By Dan Walters
Published: Monday, Nov. 12, 2012 – 12:00 am | Page 3A
This wasn’t your father’s electorate, much less your grandfather’s.
Even as California’s white population declined sharply in the last generation to well below 50 percent, middle-age Anglo homeowners still dominated California’s elections. And this widening characteristic gap between voters and the overall population contributed to chronic political gridlock.
But Tuesday’s election saw the emergence of a much different demographic profile that, if it continues, permanently changes assumptions about our politics.
California’s new electorate, derived from exit polling data, is multiracial, younger, more liberal, not very religious and less likely to be married with children.
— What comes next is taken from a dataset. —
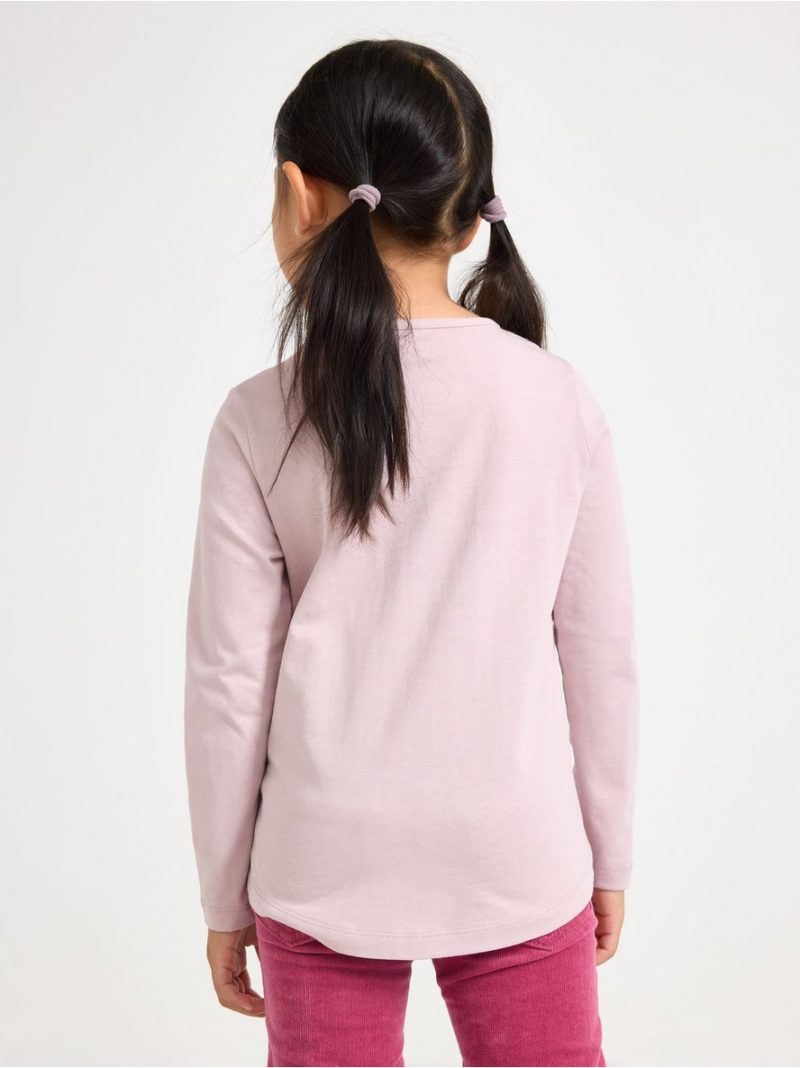 Long-sleeved top with reversible sequins motif - 3008983-7736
The Field Poll, California’s most venerable survey, had calculated in its last pre- election poll that Tuesday’s voters would be 70-plus percent white and mostly 50-plus years old – just about what it’s been in recent elections.
But an exit poll conducted for a consortium of news organizations found them to be just 54 percent white and just 36 percent 50 years or older.
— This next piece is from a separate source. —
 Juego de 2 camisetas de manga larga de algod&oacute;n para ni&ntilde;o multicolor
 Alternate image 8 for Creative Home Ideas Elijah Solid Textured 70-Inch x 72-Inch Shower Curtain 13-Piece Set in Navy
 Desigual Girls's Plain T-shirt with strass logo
A late-blooming surge of voter registration that was largely young and Democratic hinted at the Election Day shift. It happened so late and so suddenly, thanks to a new Internet registration system, that Field and other pollsters could not adjust their survey samples.
Among its other effects, the registration surge dropped the Republican share to below 30 percent for the first time in the state’s history – a decline also reflected in Tuesday’s election, when just 28 percent of those casting ballots were self-described Republicans, about as many as saw themselves as independents.